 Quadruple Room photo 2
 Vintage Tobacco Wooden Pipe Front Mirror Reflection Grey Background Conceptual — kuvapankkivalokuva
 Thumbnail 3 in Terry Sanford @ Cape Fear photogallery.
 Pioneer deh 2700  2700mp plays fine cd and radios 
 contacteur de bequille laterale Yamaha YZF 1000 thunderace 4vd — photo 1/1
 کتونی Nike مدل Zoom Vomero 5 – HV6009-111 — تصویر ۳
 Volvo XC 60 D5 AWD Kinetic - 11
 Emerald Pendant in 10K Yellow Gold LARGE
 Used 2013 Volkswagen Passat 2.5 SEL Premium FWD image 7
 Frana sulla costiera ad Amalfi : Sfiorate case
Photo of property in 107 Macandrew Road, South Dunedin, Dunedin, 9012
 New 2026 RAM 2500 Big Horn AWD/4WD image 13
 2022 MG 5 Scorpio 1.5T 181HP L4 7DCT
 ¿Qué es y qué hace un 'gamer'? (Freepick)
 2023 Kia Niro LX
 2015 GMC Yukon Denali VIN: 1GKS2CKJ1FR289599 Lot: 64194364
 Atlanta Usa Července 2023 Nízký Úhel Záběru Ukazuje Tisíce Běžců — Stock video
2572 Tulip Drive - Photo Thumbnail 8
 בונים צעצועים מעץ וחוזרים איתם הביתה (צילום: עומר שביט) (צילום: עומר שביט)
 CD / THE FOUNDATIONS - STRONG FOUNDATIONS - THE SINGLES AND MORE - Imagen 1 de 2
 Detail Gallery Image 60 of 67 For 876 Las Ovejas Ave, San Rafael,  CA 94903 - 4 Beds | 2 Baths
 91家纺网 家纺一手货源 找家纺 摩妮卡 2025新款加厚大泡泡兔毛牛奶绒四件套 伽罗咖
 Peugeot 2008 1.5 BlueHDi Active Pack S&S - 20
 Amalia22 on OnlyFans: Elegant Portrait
----
- _WHAT THIS TASK INVOLVES_:
Would you show each line of the listing above that has the string "Thumbnail"?

- _SOLUTION_:
 Thumbnail 3 in Terry Sanford @ Cape Fear photogallery.
2572 Tulip Drive - Photo Thumbnail 8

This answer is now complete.